9.2 Spot Instance Utilization

# AWS Batch Spot instance for batch inference
import boto3
import time

def submit_spot_inference_job(
    job_queue: str,
    job_definition: str,
    input_s3_path: str,
    output_s3_path: str,
):
    client = boto3.client('batch')

    response = client.submit_job(
        jobName=f"inference-{int(time.time())}",
        jobQueue=job_queue,
        jobDefinition=job_definition,
        containerOverrides={
            'environment': [
                {'name': 'INPUT_PATH', 'value': input_s3_path},
                {'name': 'OUTPUT_PATH', 'value': output_s3_path},
            ],
            'resourceRequirements': [
                {'type': 'GPU', 'value': '1'},
                {'type': 'MEMORY', 'value': '16384'},
                {'type': 'VCPU', 'value': '4'},
            ]
        },
        retryStrategy={
            'attempts': 3,
            'evaluateOnExit': [
                {
                    'onReason': 'Host EC2*terminated',
                    'action': 'RETRY'
                }
            ]
        }
    )
    return response['jobId']

9.3 Edge Inference Optimization

# TFLite conversion (mobile/edge)
import tensorflow as tf

converter = tf.lite.TFLiteConverter.from_saved_model("my_model")

# INT8 quantization
converter.optimizations = [tf.lite.Optimize.DEFAULT]
converter.target_spec.supported_ops = [
    tf.lite.OpsSet.TFLITE_BUILTINS_INT8
]
converter.inference_input_type = tf.int8
converter.inference_output_type = tf.int8

def representative_dataset():
    for data in calibration_data.batch(1).take(100):
        yield [data]

converter.representative_dataset = representative_dataset
tflite_model = converter.convert()

with open("model_int8.tflite", "wb") as f:
    f.write(tflite_model)

print(f"TFLite model size: {len(tflite_model) / 1024:.1f} KB")

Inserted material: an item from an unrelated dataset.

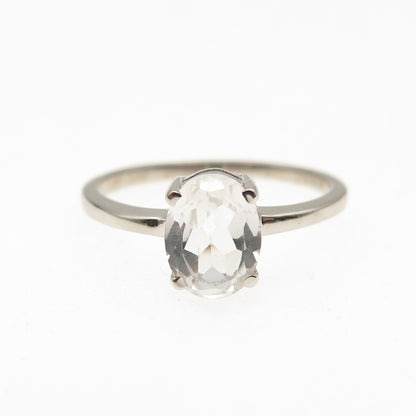 Dazzlers 925 Sterling Silver Real Oval-Cut White Topaz Engagement Ring Size 6.75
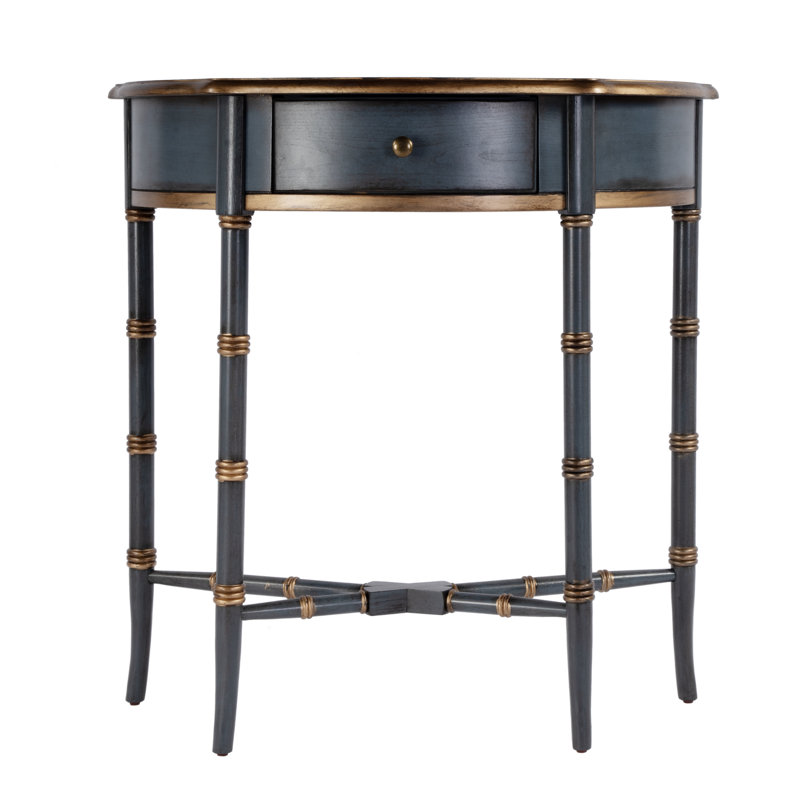 Skilling Demilune Console Table, Blue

9.4 Cost Optimization Checklist

1. Apply Quantization
   - FP16: ~0% accuracy loss, 50% memory savings
   - INT8: Minor accuracy loss, 75% memory savings, 2-4x speedup
   - INT4 (GPTQ/AWQ): LLM-specialized, 87.5% memory savings

2. Use Batching
   - Group small requests to maximize GPU utilization
   - Dynamic Batching to balance latency and throughput

3. Model Compression
   - Knowledge distillation to train smaller models (BERT to DistilBERT)
   - Pruning to remove unnecessary weights

4. Infrastructure Optimization
   - Spot/Preemptible instances for up to 70% cost reduction
   - Autoscaling to eliminate idle resources
   - Scale on load (RPS-based, not CPU-based)

5. Caching
   - Cache responses for identical inputs
   - Reuse KV cache (Prefix Caching in vLLM)

6. Edge Deployment
   - Client-side inference with GGUF/TFLite
   - Reduces server load and costs

Conclusion

Optimizing AI model serving is not simply about writing fast code. It requires a holistic understanding of model architecture, hardware characteristics, serving frameworks, and business requirements.

Remember the optimization approach order:

  1. Start with profiling: Identify bottlenecks first
  2. Simple things first: FP16 quantization → batching → TensorRT → INT8
  3. Measure accuracy: Always measure the accuracy impact of optimizations
  4. Test in production: Development and production performance can differ
  5. Balance cost and performance: Always consider cost-effectiveness

vLLM, TensorRT, Triton, and Ollama are each optimized for different use cases. Select the right tool for your requirements, continuously benchmark, and iterate toward improvement.